Instantly, the mother turned to her daughter and asked, “Did Papa say something?” and the daughter replied, “I am sure he must have”. How I wish the father and husband had been present to hear that! A telling commentary indeed. Then the mother began to apologize for her husband’s behavior and she was so pleasant that everyone effectively forgave her for his boorishness, after which the journey was very pleasant and companionable. The thirty six hours passed without a moment of boredom with everyone sharing food and conversation. Did I say that it was a women’s compartment? It was, and though diverse, the group chattered away happily, discussing family matters and public affairs alike without reservation. Seeing that I had brought no food with me and in the absence of anything being available on the train, the other passengers were concerned and offered to share what they had brought, but I wriggled out of that by claiming to be fasting. But a Bengali girl traveling alone would have none of that and persuaded me to eat some Sandesh at least. My reluctance to eat strange food on trains is a tale to be told on another day.

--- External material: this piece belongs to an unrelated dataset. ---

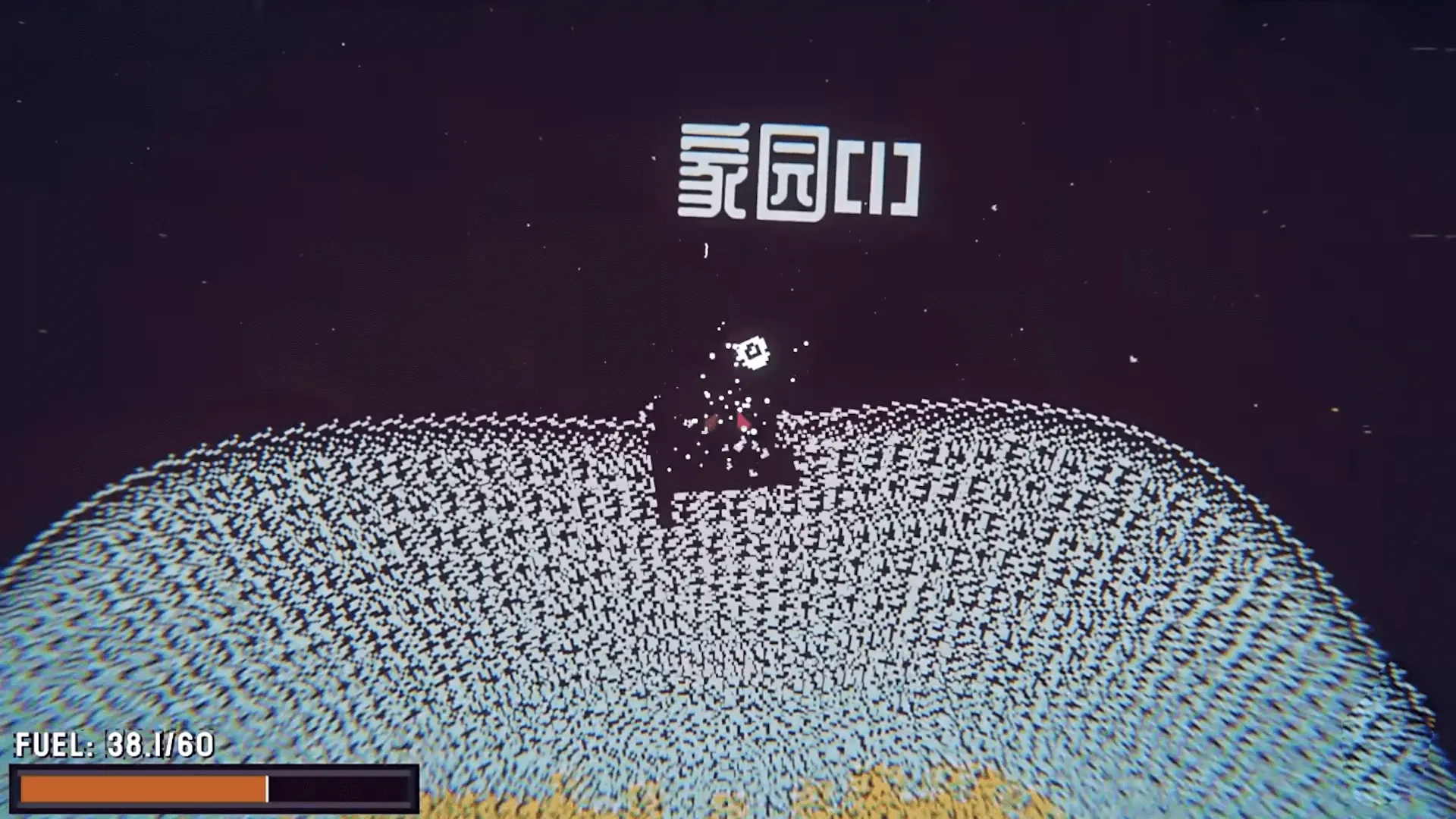 冲向地心最新版截图3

The Bengali girl came home with me at the end of the journey, which is another story. She was in her late twenties, and seemed an ingenue. On her way to an interview for a teacher’s job in Hyderabad, she was banking on finding dormitory accommodation in the railway station which I knew would be quite impossible. Her only alternative was to stay in a cheap lodge outside the the station, which made me fearful for her safety. She was naive and did not seem to realize the dangers facing her in a strange city late at night in the seedy area around the railway station. She had never been outside Bengal I think, or even outside Calcutta. In all conscience I could not leave her to it and walk away, so she came home with me trustingly that night. I was appalled that she was innocent enough even to trust me, a stranger. She spent the next two days in our house and I learnt that she and her widowed mother had been abandoned to their own devices by her married elder brother, and were both living in genteel poverty on her small salary as a teacher. I still worry about her, truth to tell, and can only hope that somehow things went right for her later.
S, who was only six at the time, happily came running out to greet me, and ran back in just as quickly, shocked that a strange woman got out of the auto-rickshaw instead of me. He was too shocked to look inside the rickshaw as I waited to get out.
To go back to the title, what I learnt on that journey was that rudeness can poison the well of relationships and I vowed that I would never be rude to anyone. It is all right to argue, even fight, because then you are both on equal terms, but when you are rude, you are belittling a person, who will have no answer.